(The task):
Your task is to give the data again, exactly, with every line intact.

Collection entries
***
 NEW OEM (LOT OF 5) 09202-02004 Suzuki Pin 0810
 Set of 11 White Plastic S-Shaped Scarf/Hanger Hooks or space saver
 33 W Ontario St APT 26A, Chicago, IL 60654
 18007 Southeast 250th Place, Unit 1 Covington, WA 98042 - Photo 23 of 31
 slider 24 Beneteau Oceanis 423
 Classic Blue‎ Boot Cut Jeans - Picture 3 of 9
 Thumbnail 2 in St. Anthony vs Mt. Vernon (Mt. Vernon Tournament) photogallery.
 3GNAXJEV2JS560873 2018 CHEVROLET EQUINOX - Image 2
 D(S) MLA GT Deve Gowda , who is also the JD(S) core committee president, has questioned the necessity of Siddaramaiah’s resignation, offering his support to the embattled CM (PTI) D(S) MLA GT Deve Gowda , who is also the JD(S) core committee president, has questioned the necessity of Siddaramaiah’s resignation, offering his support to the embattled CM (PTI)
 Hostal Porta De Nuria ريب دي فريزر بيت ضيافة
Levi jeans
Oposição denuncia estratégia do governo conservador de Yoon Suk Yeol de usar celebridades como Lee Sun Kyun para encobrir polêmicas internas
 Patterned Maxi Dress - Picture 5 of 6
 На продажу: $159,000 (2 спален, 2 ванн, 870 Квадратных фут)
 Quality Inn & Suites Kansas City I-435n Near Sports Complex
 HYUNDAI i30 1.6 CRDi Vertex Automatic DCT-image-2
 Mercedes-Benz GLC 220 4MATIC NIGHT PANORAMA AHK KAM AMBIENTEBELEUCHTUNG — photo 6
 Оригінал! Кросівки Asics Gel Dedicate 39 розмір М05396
***
(Reply to the task):
 NEW OEM (LOT OF 5) 09202-02004 Suzuki Pin 0810
 Set of 11 White Plastic S-Shaped Scarf/Hanger Hooks or space saver
 33 W Ontario St APT 26A, Chicago, IL 60654
 18007 Southeast 250th Place, Unit 1 Covington, WA 98042 - Photo 23 of 31
 slider 24 Beneteau Oceanis 423
 Classic Blue‎ Boot Cut Jeans - Picture 3 of 9
 Thumbnail 2 in St. Anthony vs Mt. Vernon (Mt. Vernon Tournament) photogallery.
 3GNAXJEV2JS560873 2018 CHEVROLET EQUINOX - Image 2
 D(S) MLA GT Deve Gowda , who is also the JD(S) core committee president, has questioned the necessity of Siddaramaiah’s resignation, offering his support to the embattled CM (PTI) D(S) MLA GT Deve Gowda , who is also the JD(S) core committee president, has questioned the necessity of Siddaramaiah’s resignation, offering his support to the embattled CM (PTI)
 Hostal Porta De Nuria ريب دي فريزر بيت ضيافة
Levi jeans
Oposição denuncia estratégia do governo conservador de Yoon Suk Yeol de usar celebridades como Lee Sun Kyun para encobrir polêmicas internas
 Patterned Maxi Dress - Picture 5 of 6
 На продажу: $159,000 (2 спален, 2 ванн, 870 Квадратных фут)
 Quality Inn & Suites Kansas City I-435n Near Sports Complex
 HYUNDAI i30 1.6 CRDi Vertex Automatic DCT-image-2
 Mercedes-Benz GLC 220 4MATIC NIGHT PANORAMA AHK KAM AMBIENTEBELEUCHTUNG — photo 6
 Оригінал! Кросівки Asics Gel Dedicate 39 розмір М05396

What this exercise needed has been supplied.